A Brooklyn lifer, Markowitz was born in Crown Heights, where his dad worked as a waiter in a kosher deli; when he was 9, his father passed away, and a few years later his mother relocated the family to Sheepshead Bay. Marty received his B.A. after taking night classes at Brooklyn College for nine years, and first entangled himself in the borough's politics by organizing groups of senior citizens and tenants in Flatbush in the early '70s. In 1978, he was elected to the State Senate. His district would change over time—first he represented mostly whites in Flatbush, then he represented mostly blacks and Latinos in Crown Heights and Midwood. But Marty's M.O.—doing precious little in the way of legislative activity—remained the same: His biggest and arguably solitary achievement was making possible the free outdoor concerts by semi-famous performers that are now a staple of city summers.

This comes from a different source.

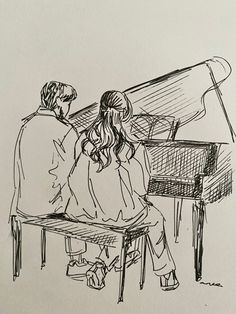 a drawing of two people sitting at a piano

In 2001, after 11 consecutive terms in the State Senate, Markowitz ran to replace outgoing Brooklyn beep Howard Golden, whose job Marty had been eyeing since his initial disastrous bid for the office in 1985 (see below). By that point the job had been defanged by a 1989 U.S. Supreme Court ruling that disbanded the powerful Board of Estimate, on which all beeps sat; nonetheless, after winning, Marty jumped into his nearly powerless position with gusto, and was easily reelected with just shy of 80 percent of the vote in 2005.

On the job

Being a borough president basically means serving as a borough's head cheerleader, and indeed, no one is as cartoonishly enthusiastic about Brooklyn as Markowitz—he attends every parade, high school graduation, street fair, and block party in the borough, and shoehorns references to Junior's cheesecake into an ungodly number of conversations. His cheerleading took a turn for the literal during the 2005 transit strike, when he stood on the Brooklyn Bridge cheering on weary commuters trudging home on foot. He also made news for pushing for signs on roadways going out of Brooklyn that say quaintly Brooklyn-y things like "Leaving Brooklyn—Fuhgeddaboudit."

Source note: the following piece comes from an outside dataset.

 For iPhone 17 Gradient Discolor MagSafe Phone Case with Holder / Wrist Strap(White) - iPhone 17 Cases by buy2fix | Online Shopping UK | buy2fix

He can also be counted on to stump for any massive development, even if it threatens to alter the borough's character. One of the most ardent backers of Atlantic Yards, it was Markowitz who called developer Bruce Ratner and sold him on the idea of building a basketball arena for the New Jersey Nets in Brooklyn. Other sprawling development schemes he's energetically gotten behind include the redevelopment of the waterfront area in Greenpoint and Williamsburg; the conversion of the Brooklyn House of Detention into a mall; and Joseph Sitt's abortive bid to colonize Coney Island. Meanwhile, the ever-jolly Markowitz's actions have done little to address the borough's most intractable problems—it's still home to some of the city's poorest, least healthy, and most dangerous neighborhoods.

Keeping score

He made $160,000 as Brooklyn borough president in 2007.

Upcoming

Term limits will force Markowitz out of Borough Hall in 2009, and it's widely believed that the attention-loving beep will seek an even grander post from which to promote himself–namely, Mayor of New York. His rivals for the Democratic nomination will almost surely include Congressman Anthony Weiner, Comptroller Bill Thompson, and City Council Speaker Christine Quinn. Whether residents of New York's four other boroughs will go for someone so parochially Brooklyn—and whether any voters will feel comfortable entrusting Markowitz to a job with real responsibilities—remains to be seen.

Legal file

When Marty initially ran for Brooklyn beep in 1985, challenging Democratic incumbent Howard Golden, he failed to disclose a contribution from a Brooklyn businessmen. After the infraction came to light, he pled guilty to a misdemeanor, paid almost $80,000 in fines, and performed 75 hours of community service.

Personal

Markowitz didn't marry until he was 54. He and his wife, Jamie, a graphic designer, own an African gray parrot named, appropriately enough, Beep. (Amazingly, he isn't the only borough president with an African gray parrot—Scott Stringer also owns one.) The Markowitzes live in a Park Slope rental fronting Prospect Park.